Required work
Return the material below exactly, but only from the line with "Luxury Shop Facing" through the line with "Grade Frontal Mercedes C180 2011 Detalhes", and without its pictures.

Exercise input
# # # # #

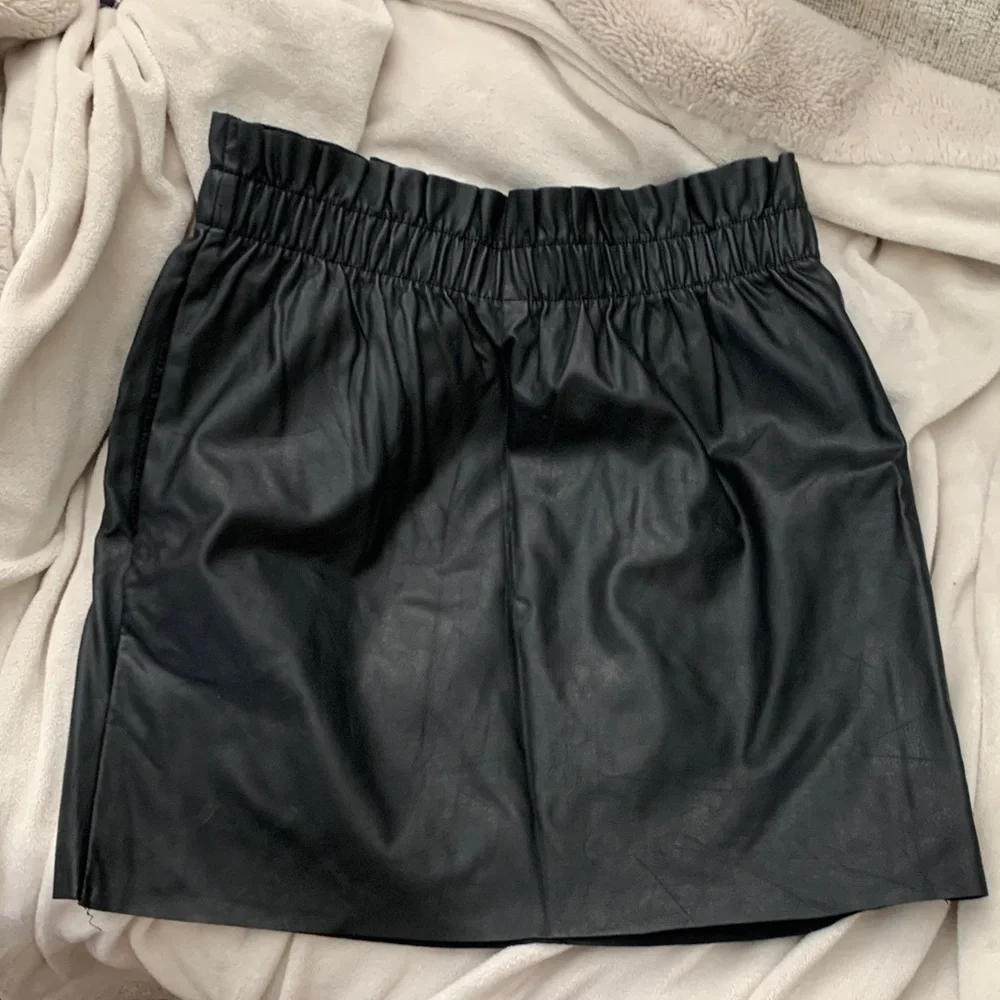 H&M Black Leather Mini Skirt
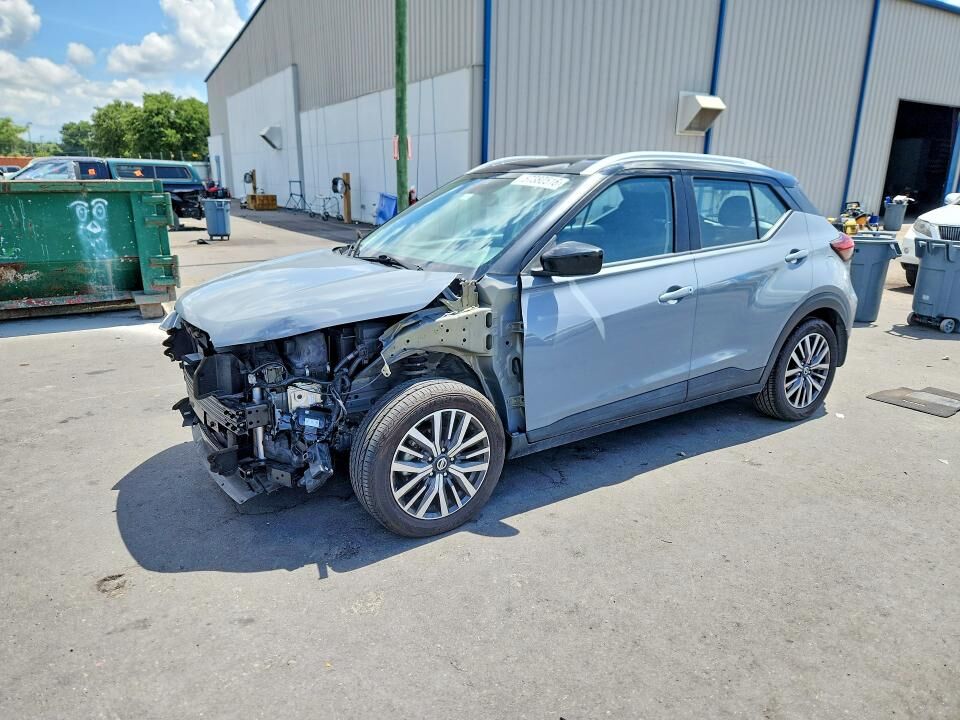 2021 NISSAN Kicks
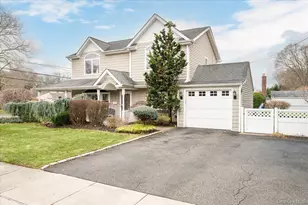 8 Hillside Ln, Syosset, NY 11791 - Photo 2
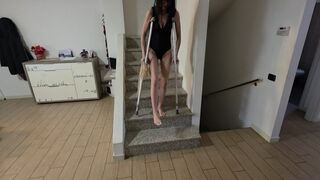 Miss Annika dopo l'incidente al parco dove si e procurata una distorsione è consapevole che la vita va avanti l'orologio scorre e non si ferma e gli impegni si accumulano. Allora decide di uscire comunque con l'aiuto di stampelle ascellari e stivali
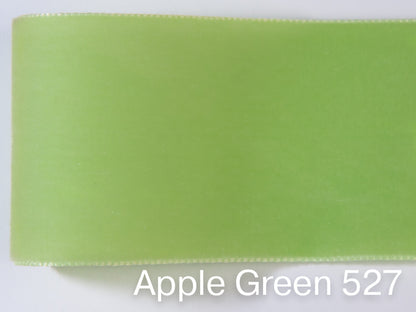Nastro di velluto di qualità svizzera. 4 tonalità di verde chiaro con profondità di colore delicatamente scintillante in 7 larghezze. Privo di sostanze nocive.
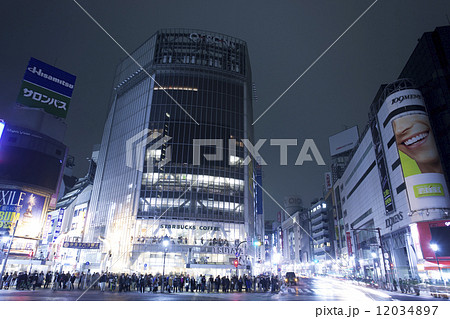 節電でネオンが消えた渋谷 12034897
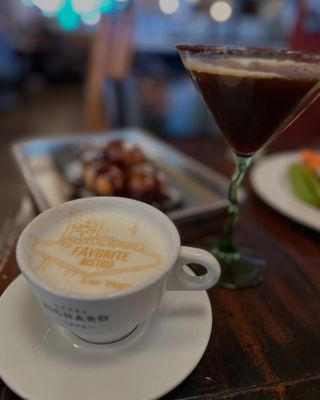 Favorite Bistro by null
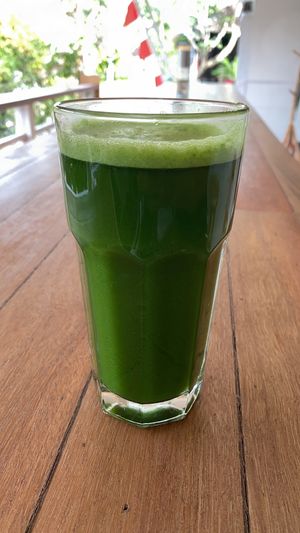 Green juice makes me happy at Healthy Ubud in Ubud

# # # # #

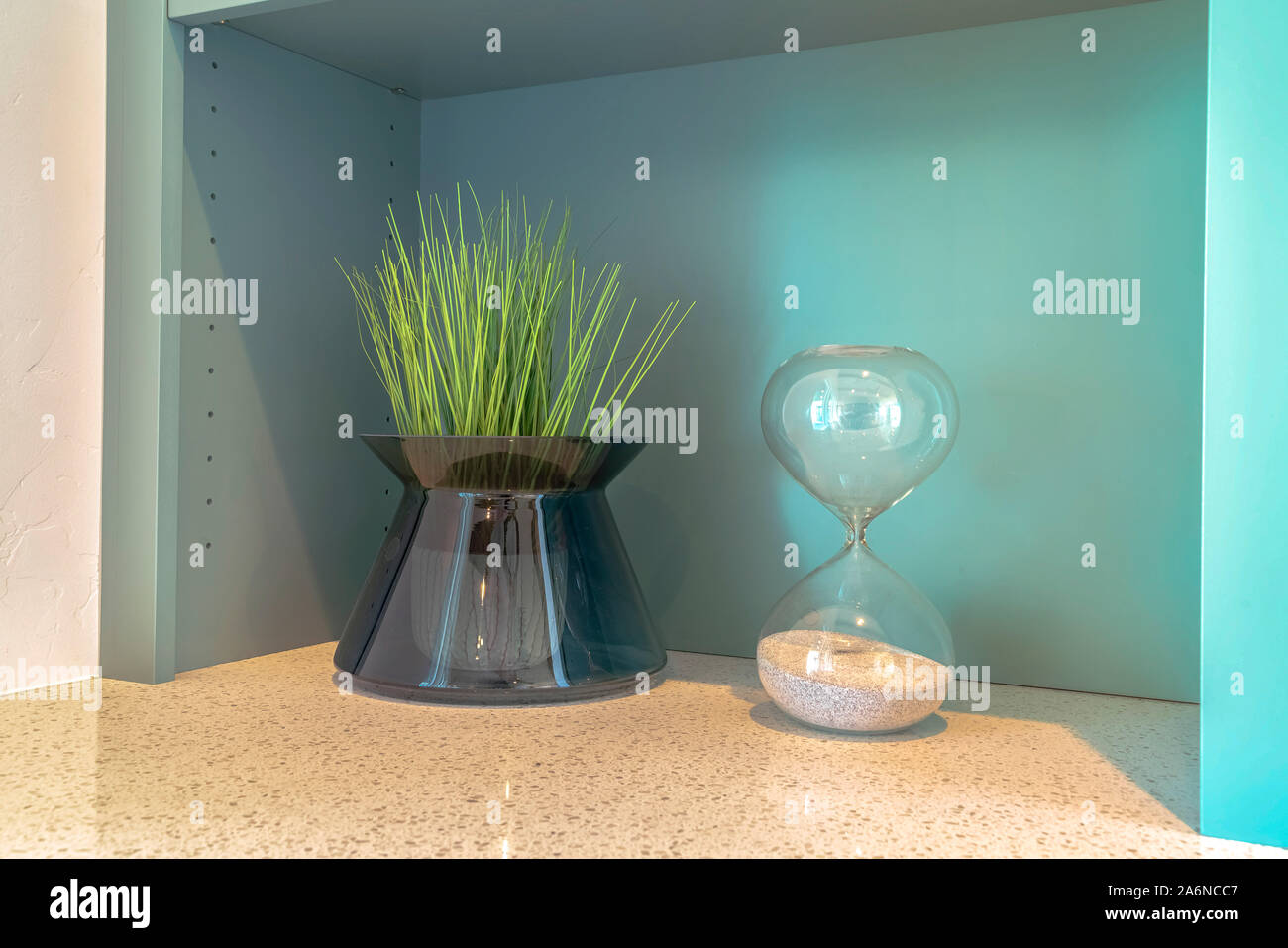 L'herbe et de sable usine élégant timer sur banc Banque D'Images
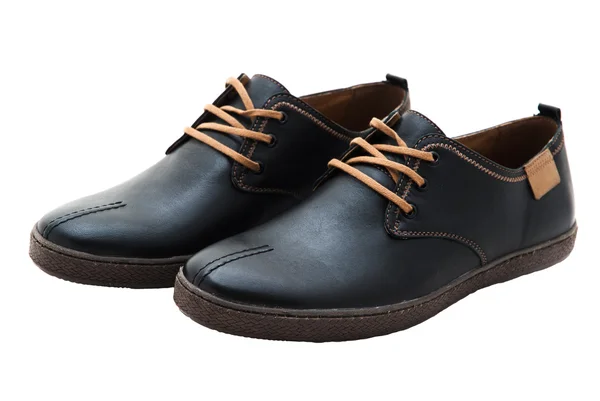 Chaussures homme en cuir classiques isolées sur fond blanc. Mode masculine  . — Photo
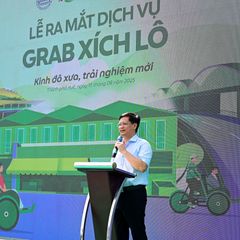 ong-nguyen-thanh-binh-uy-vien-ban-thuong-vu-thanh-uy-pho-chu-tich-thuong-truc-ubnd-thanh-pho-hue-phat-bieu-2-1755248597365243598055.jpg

# # # # #

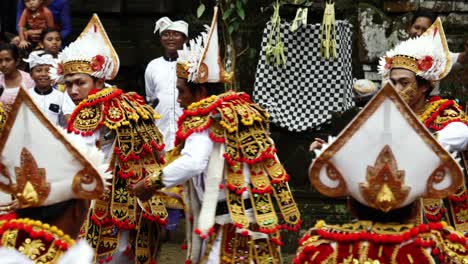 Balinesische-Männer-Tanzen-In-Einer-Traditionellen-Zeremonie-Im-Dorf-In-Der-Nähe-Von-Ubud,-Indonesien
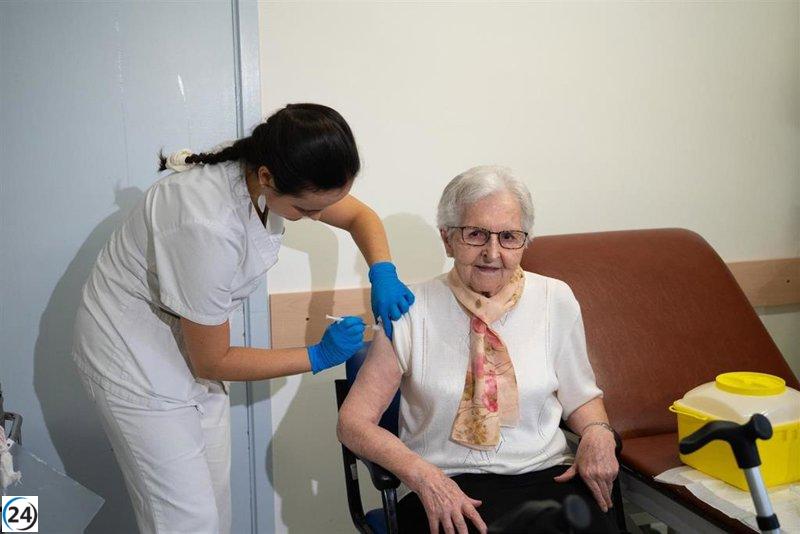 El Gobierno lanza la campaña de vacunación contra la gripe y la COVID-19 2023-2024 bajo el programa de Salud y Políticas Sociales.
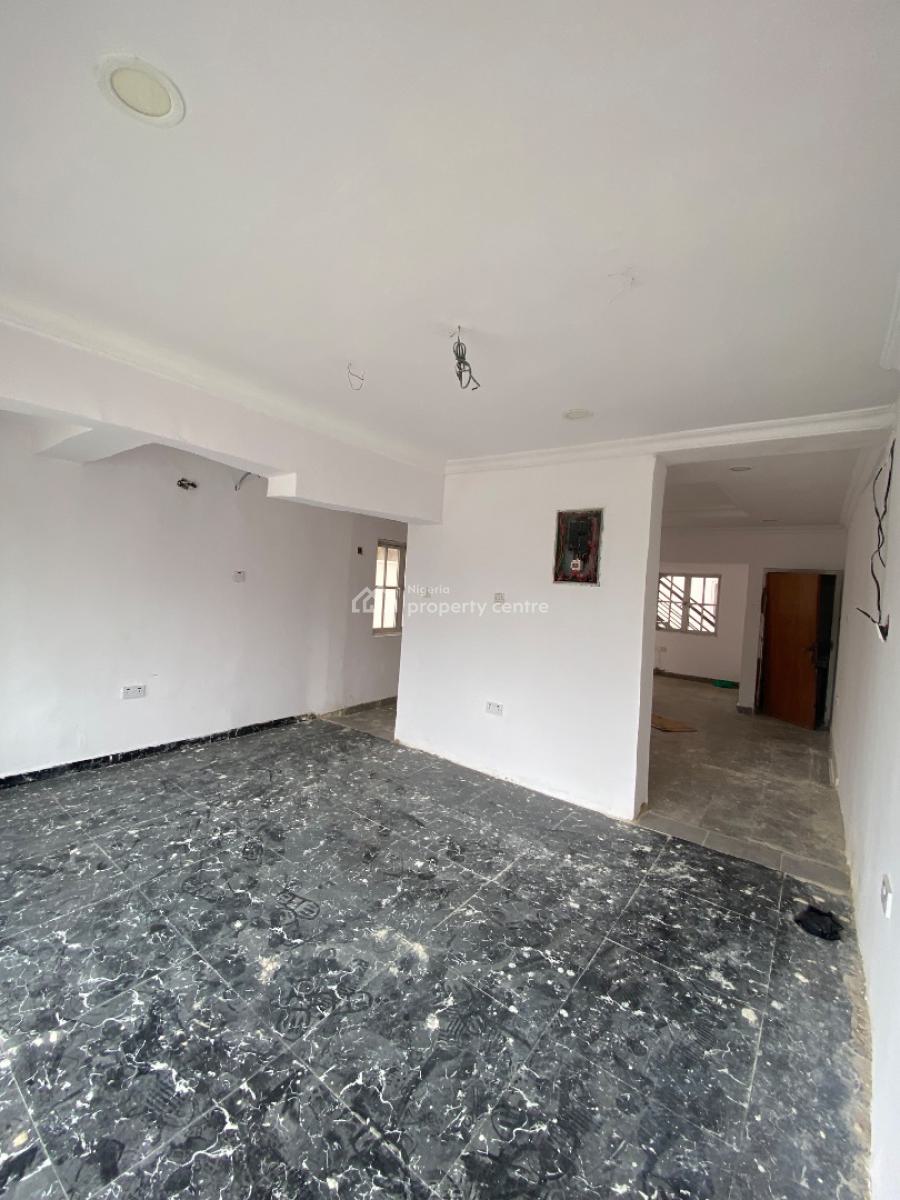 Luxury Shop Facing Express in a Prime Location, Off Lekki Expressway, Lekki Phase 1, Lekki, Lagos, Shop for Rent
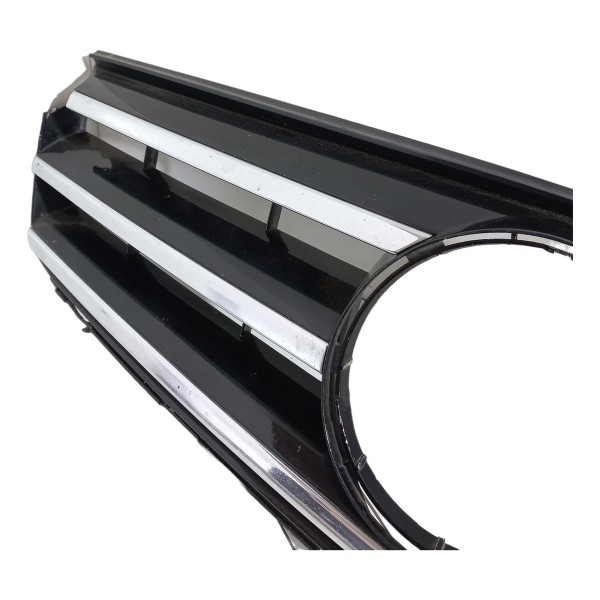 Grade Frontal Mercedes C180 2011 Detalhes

# # # # #

Response to the task
 Luxury Shop Facing Express in a Prime Location, Off Lekki Expressway, Lekki Phase 1, Lekki, Lagos, Shop for Rent
 Grade Frontal Mercedes C180 2011 Detalhes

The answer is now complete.